First LaWS, now robot sharks
If you thought LaWS (Laser Weapon System) was cool, think again. The US Navy now has in their arsenal Robot sharks.Christened GhostSwimmer, these are UUV or unmanned underwater vehicles based on the biometric design principles where scientists can create machines based on animals or natural processes.
According to Michael Rufo, who is the director of engineering at Bostons Engineering’s Advanced Systems Group, the GhostSwimmer maneuvers just like a normal fish would; by oscillating a tail fin back and forth.
What plans for said GhostSwimmer you ask? Well it will be primarily used for surveillance and reconnaissance missions and also as a tool to test hull integrity of friendly ships. With the ability to operate autonomously via battery for an extended period of time, it can also be controlled via a 500 ft. tether.
While the Navy isn’t going to reveal how GhostSwimmer communicates and receives new data, information gathered from its press material suggests that the machine would have to surface at regular intervals in order to sync data with the controller and host.
In addition to its primary use as reconnaissance, GhostShark will also be used to locate underwater mines, thus replacing bottlenose dolphins and sea lions which the Navy use for the task; a relief for those involved in the NMMP (Navy Marine Mammal Program).
Step aside JPEG, BPG is here
A French programmer b the name of Fabrice Bellard has invented a new graphics file format titled BPG, which he hopes can replace the venerable JPEG image format. The Better Portable Graphics, or BPG format essentially cuts the file size of images in half whilst preserving the quality and freeing up space on your hard drive.
In addition to being smaller in file size, BPG files are also transparency compatible akin to GIF and PNG files whereas JPEG is not.
However, as with any new technology, there are a few factors against it. The simplest being that JPEG has become the go-to, trusted file format by most designers. It’s compatible with pretty much anything and with the proliferation of high speed internet, even downloading JPEGs is not exactly an issue. Then there is also Google with their WebP format which similar to BPG, compresses the image file better when compared to JPEG and also supports transparency. It also handles moving images better than GIF does and is already compatible with web browsers Google Chrome and Opera. Not to mention that it’s also released by Google via free BSD licence. Lets just see how things pan out shall we?
Quantum physics to battle against credit card fraud
It does seem a bit far fetched and somewhat of an overpowered approach but not according to a team of scientists from the Netherlands who are proposing the use of quantum physics in credit cards and passports.
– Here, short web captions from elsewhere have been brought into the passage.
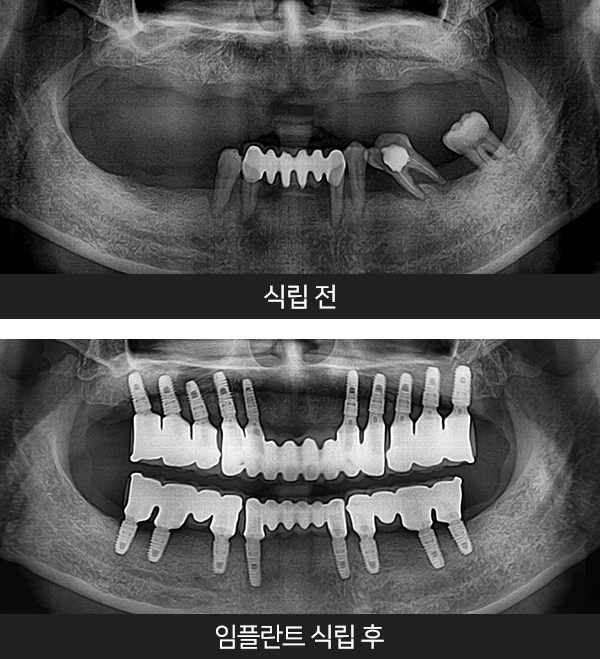 임플란트사례2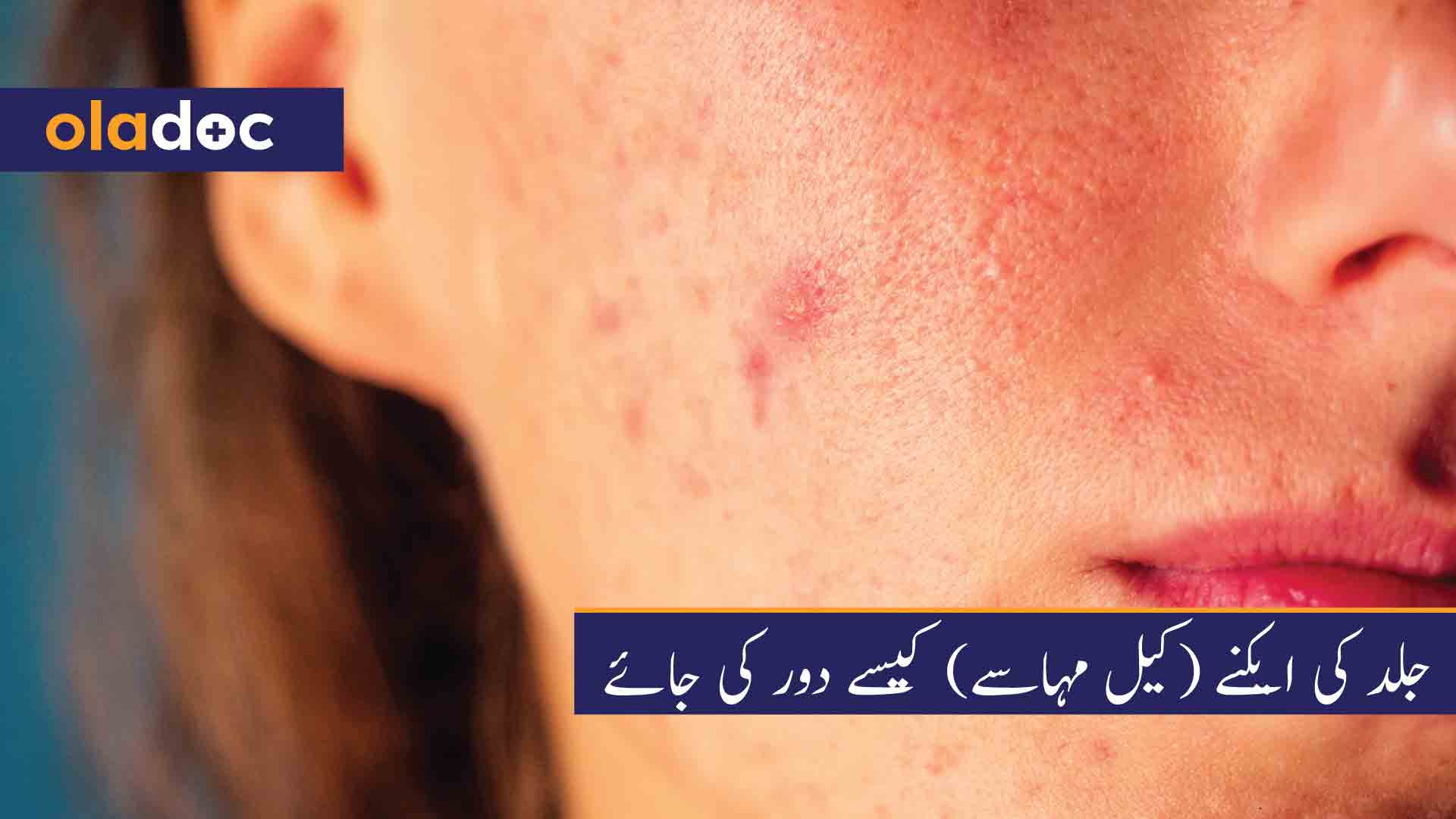 جلد کی ایکنے (کیل مہاسے) کیسے دور کی جائے thumbnail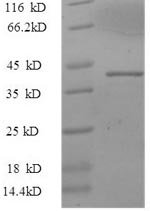 Recombinant Human Alpha-synuclein (SNCA), partial, Homo sapiens (Human), E.coli, N-terminal GST-tagged, 41.4kDa, purity >90% as determined by SDS-PAGE.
Titled QSA or quantum-secure authentication, the technology would use a strip of nanoparticles on the card making them virtually unhackable.
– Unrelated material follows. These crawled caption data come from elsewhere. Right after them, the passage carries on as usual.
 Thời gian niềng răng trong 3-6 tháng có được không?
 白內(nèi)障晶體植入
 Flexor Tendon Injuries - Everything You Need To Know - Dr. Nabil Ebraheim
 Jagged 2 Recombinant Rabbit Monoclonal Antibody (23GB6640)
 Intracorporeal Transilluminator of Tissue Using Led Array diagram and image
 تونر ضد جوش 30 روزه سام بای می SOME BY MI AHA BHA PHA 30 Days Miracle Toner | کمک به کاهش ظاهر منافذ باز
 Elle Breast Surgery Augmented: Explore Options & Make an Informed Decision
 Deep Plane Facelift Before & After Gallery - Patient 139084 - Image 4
Most if not all credit cards utilize a magnetic strip that is swiped when used. This is the main method that hackers use to exploit your credit card. Once hacked, your details can be easily copied and/or emulated.
This is where QSA steps in. The card would have a nanoparticle strip which is then infused with a laser to create a unique pattern that cannot be cracked. The reason for this being that the system makes use of the qualities of light in the quantum state by which photons can exist in multiple places at the same time. The event that created the pattern simply cannot be duplicated.
Sounds too techy? Well it kind of is, and to fully understand it would require a several years invested in a Ph.D in theoretical physics. So for now we’ll leave it up to the scientists in the Netherlands to sort things out.
Asia to overtake N. America in terms of e-Commerce
According to the Economist Intelligence Unit, Asia is all set to exceed North America and become the world’s largest e-commerce market for 2014. In the research carried out, it is estimated that retail sales in Asia will grow by an average 4.6% to $7.6 trillion, compared with 2.5 percent in North America and 0.8 percent in Europe by 2015. It also shows that the Asian consumer market was and is largely driven by the consumer power of females in Asia with female consumers displaying an unmatched enthusiasm for online shopping
With the rise in platforms such as Alibaba which is wildly popular in India and a huge demand for e-commerce generated in China both of which when amassed count for about three billion people, its not difficult to see why Asia is set to do so
According to surveys carried out in light of this research it was revealed that almost half of the women agreed or strongly agreed that they preferred online shopping rather than store shopping and around 63% of those under survey stated that they browsed the Internet for products at least once a day almost 30% doing so twice or more per day.